Prius le regarda passer, mais se garda bien de lui adresser la parole. Il avait beau l'air un poil moins remonté que plus tôt, il préféra éviter d'aggraver à nouveau la situation et le laisser cogiter en paix.

Il avait été étonné de la voir se lever aussi tard, mais vu toutes les émotions fortes de la veille, ce n'était pas si surprenant que ça. Cela pouvait être tout aussi fatiguant que l'effort physique.

« Si vous ne vous sentez pas bien, n'hésitez pas à me le dire. On ne dirait pas comme ça, mais je suis médecin. Un vrai. Alors comment va-t-il ? Est-ce qu'il a été plus bavard avec vous ? Et a-t-il craqué hier soir ? » lui demanda-t-il.

Il soupira en entendant la réponse.


« Il est en train de retomber dans le même schéma qu'il y a dix ans. C'est précisément ce qu'il redoute et veut éviter. Il souffre, mais il ne sait pas comment gérer tout ça. Ce silence est malsain et il va falloir le bousculer encore un peu plus. S'il n'exprime pas ce qu'il ressent d'une manière ou d'une autre, nous aurons un vrai problème. »

Il secoua la tête. Après dix ans à avoir enfoui tout ça, il n'était pas surpris que son ami ne soit pas capable d'affronter ça. Pourquoi y arriverait-il maintenant alors qu'il n'avait pas réussi avant ?

« Le Gris a prévu quelque chose pour lui. Cela s'appelle la salle du souvenir. Il s'agit d'une salle avec des photos et des objets significatifs du défunt afin de lui rendre un dernier hommage. Mais il faut d'abord le faire descendre et l'emmener jusqu'au bâtiment. Zander sait comment les choses se déroulent ici et je suis prêt à parier qu'il va très vite comprendre ce que nous avons en tête. Et j'ai bien peur qu'il rechigne à nous suivre. » lui expliqua-t-il.

Malheureusement, il allait falloir en passer par là.

**********

La douche lui fit du bien, mais il ressentait toujours le besoin de fuir cette planète au plus vite ainsi qu'une angoisse plus diffuse.
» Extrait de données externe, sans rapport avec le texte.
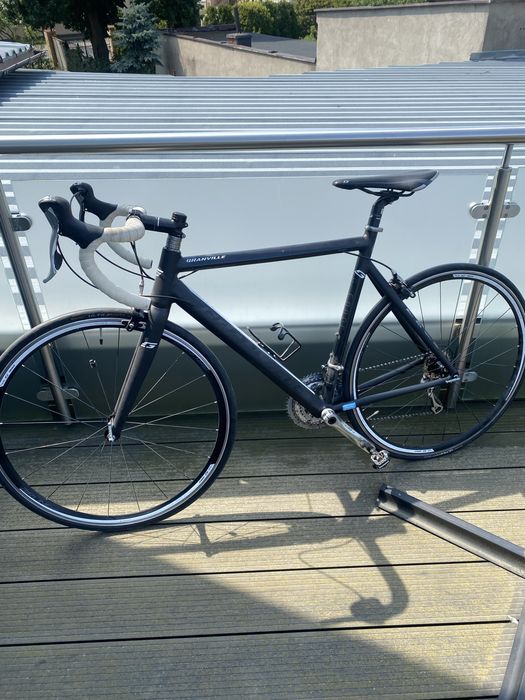 Rower szosowy firmy granville g-force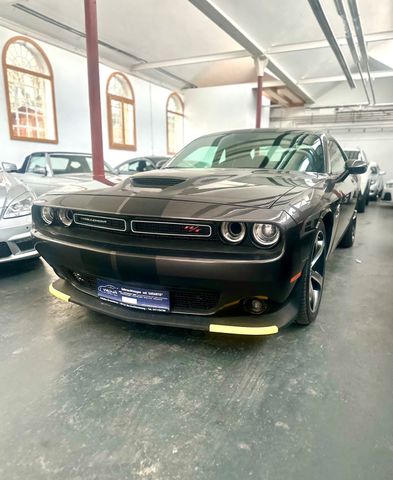 Dodge Challenger R/T HEMI 5.7 *V8* TÜV & Service NEU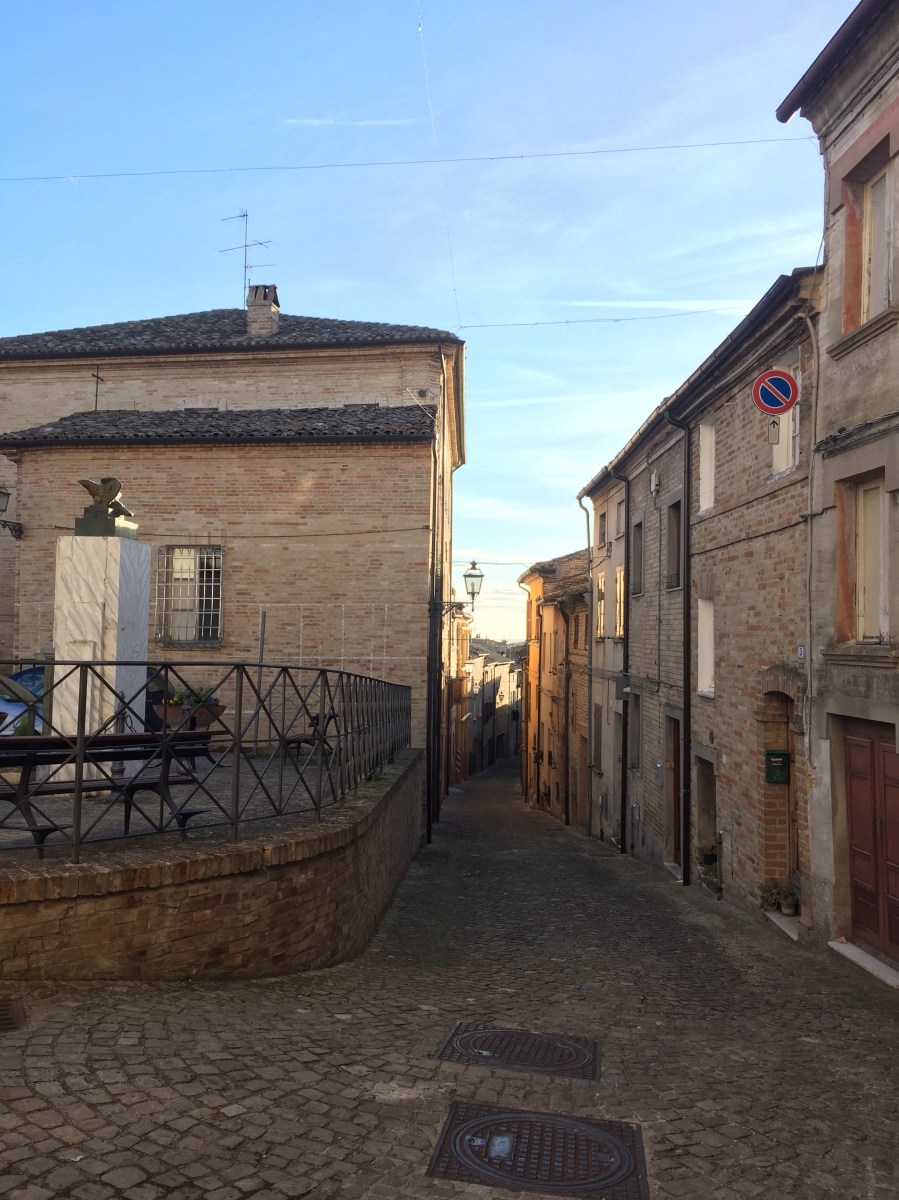 #Lemarchemagic #mediaevalvillages #landscapes #rolling hills #Monteleone #Belmonte #Santavicttoria #Montelparo #adventures #travel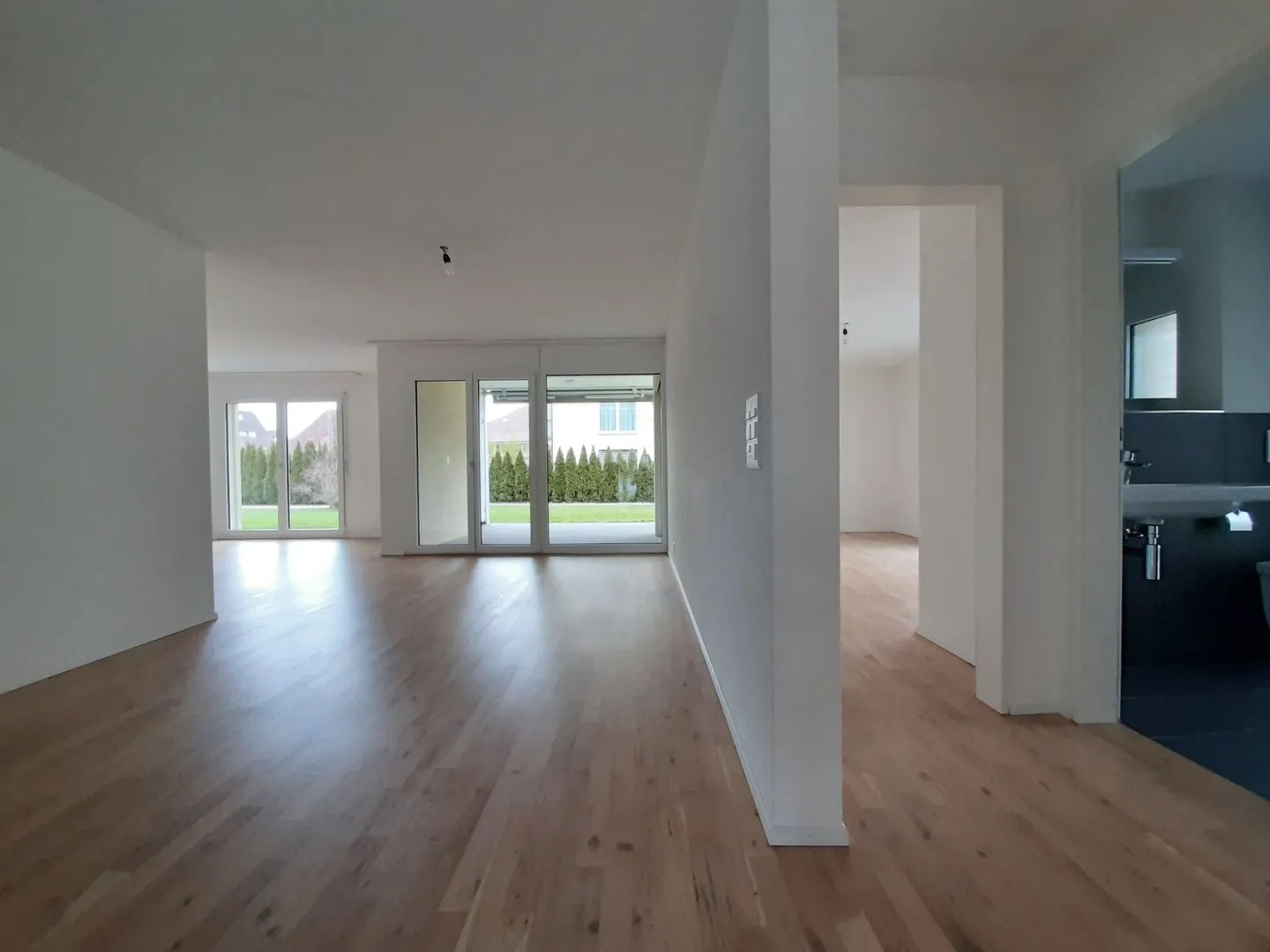 Appartement de jardin moderne de 4,5 pièces au cœur de Madiswil - Photo 3 sur 7
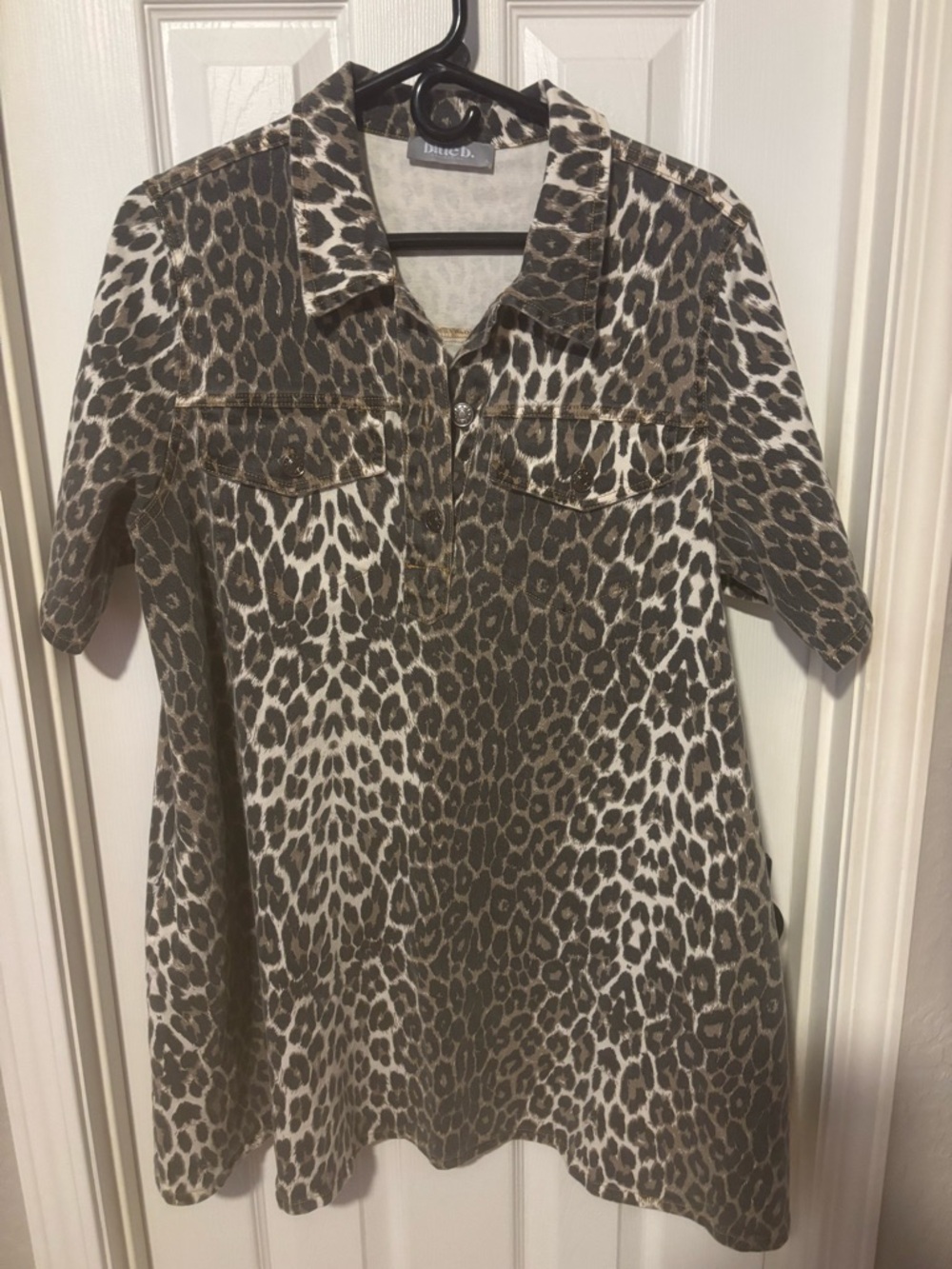 Blue B Leopard Print Polo Top in Brown and Cream. Size L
Nadja était dans le salon, mais Prius n'était pas visible. Tant mieux.


« Tu veux bien m'accompagner ? » lui demanda-t-il doucement.

Il n'avait pas vraiment envie de retourner sur sa tombe, mais il avait besoin de le faire quand même et de manière un peu plus digne que la veille.

Il sortit, mais il sentit sa résolution flanchée et fondre comme neige au soleil au bout de quelques mètres. Il ralentit et finit par s'arrêter à trois mètre de sa destination, incapable de s'en approcher plus. Cette fois, il resta debout. Il aurait aimé dire quelque chose, mais il en'y arriva pas plus que la veille. Il resta donc planté là en silence à contempler la pierre, avec une furieuse envie de prendre ses jambes à son cou.

« Rentrons, s'il te plaît. » fit-il soudain en faisant demi-tour. Il ne pouvait pas rester devant la tombe une seconde de plus.

Cependant, Prius attendait au pied de Stella, l'air grave. Il avait saisi l'occasion inespérée offerte par Zander qui était sorti de sa propre initiative. Décidément, son ami était toujours plein de surprises. Il avait averti le doyen Pétrarque qu'ils allaient arriver sous peu, une fois que le pilote aurait fini de se recueillir sur la tombe de Leïla. Il lui avait également demandé d'attendre avant de venir à leur rencontre. Il tenait à s'assurer que Nadja et lui l'encadreraient solidement au préalable pour éviter que le pilote ne se défile.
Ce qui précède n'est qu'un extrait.